The Conservatives C-30 is actually more circumscribed, since the information is limited to customer name, address, phone number, e-mail address and IP address. The Liberals' C-74 allowed for name, address and "any other identifiers". I would assume that "any other identifiers" would include the laundry list of items that was included in last year's proposed Bill C-52:

  • mobile identification number,
  • electronic serial number (ESN),
  • local service provider identifier,
  • international mobile equipment identity (IMEI) number,
  • international mobile subscriber identity (IMSI) number and
  • subscriber identity module (SIM) card number

Regardless of the federal political party that is advocating for its adoption, warrantless access to customer information is a very bad idea.

The hidden gag order in Bill C-30 (aka the lawful access bill)

While much attention has been focused on the general problems with Bill C-30 - Protecting Children from Internet Predators Act, we are starting to see some very good commentary on the details.

One detail that hasn't really seen the light (and it may not be an accident) is the hidden gag order.
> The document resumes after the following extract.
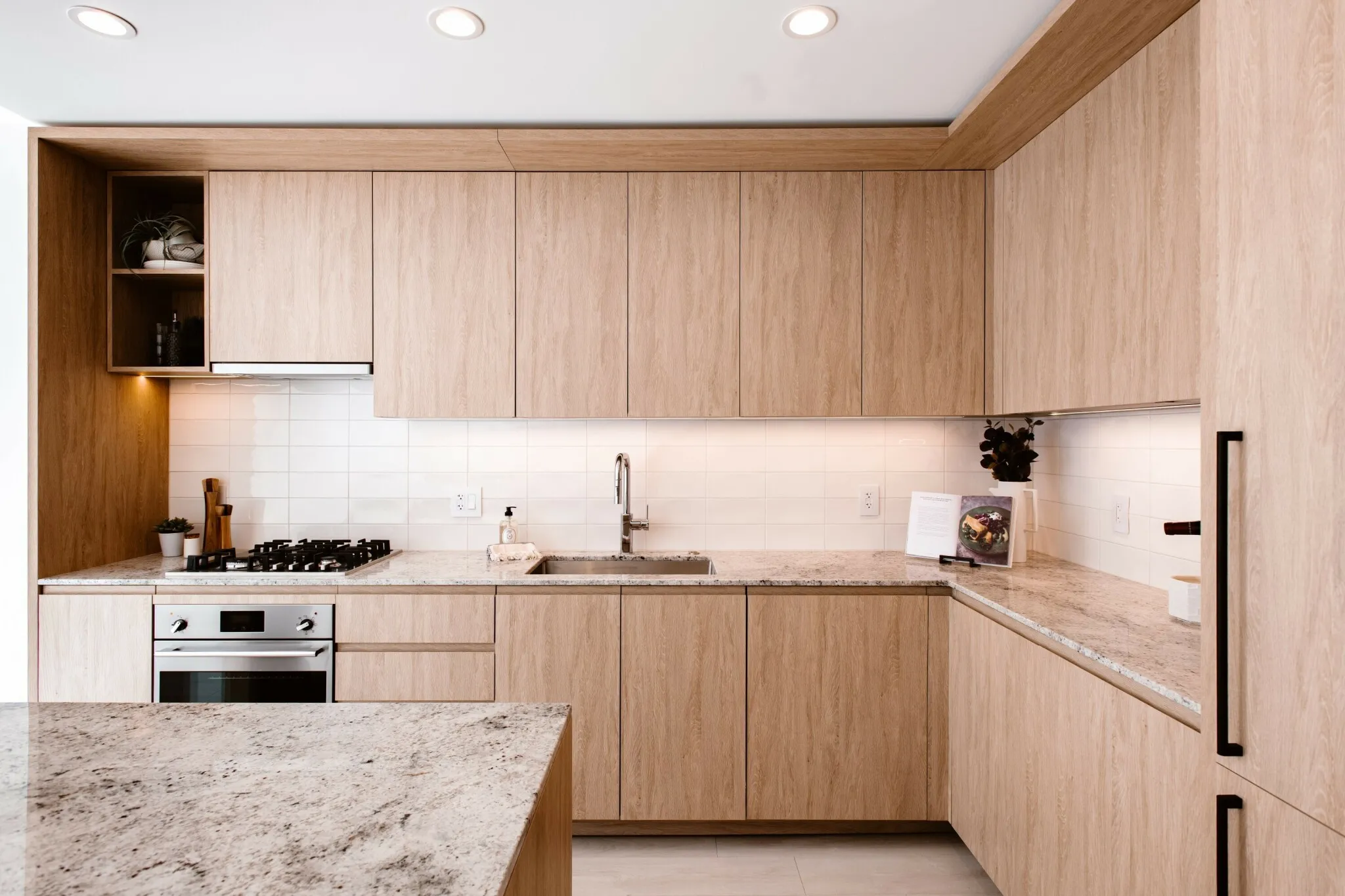 369 W Grand Ave, , 60654, USA 60654-unit#2/2-Chicago-IL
Not only will the police, national security folks and the competition cops be able to get customer names, addresses, IP addresses and e-mail addresses without a warrant, there's a gag order that means you'll likely never find out you've been the subject of such an inquiry even if you ask your ISP.

Section 23 looks like it was designed to be obscure and obtuse:

23. Personal information, as defined in subsection 2(1) of the Personal Information Protection and Electronic Documents Act, that is provided under subsection 16(1) or 17(1) is deemed, for the purposes of subsections 9(2.1) to (2.4) of that Act, to be disclosed under subparagraph 7(3)(c.1)(i) or (ii), and not under paragraph 7(3)(i), of that Act. This section operates despite the other provisions of Part 1 of that Act.

Unless you're familiar with the Personal Information Protection and Electronic Documents Act, you'll probably miss what this means.

In short, by default everyone has the right to ask any company that is subject to the law what information they have about him or her, how they've used it and to whom they've disclosed it. That is, unless that right is overridden by Section 9. Section 23 of C-30 essentially says that any personal information that is handed over without a warrant under the lawful access law has to be treated in the same way under PIPEDA as information disclosed in response to a law enforcement request. Here's where the gag order kicks in. If the person exercises his lawful right to seek his or her personal information and accounting of its use, the ISP is prohibited from telling him or her unless the police, national security agencies or competition cops give their OK. And they can refuse to give their OK on a number of relatively flexible bases.

This is the opposite of transparency, and it looks like it was designed this way.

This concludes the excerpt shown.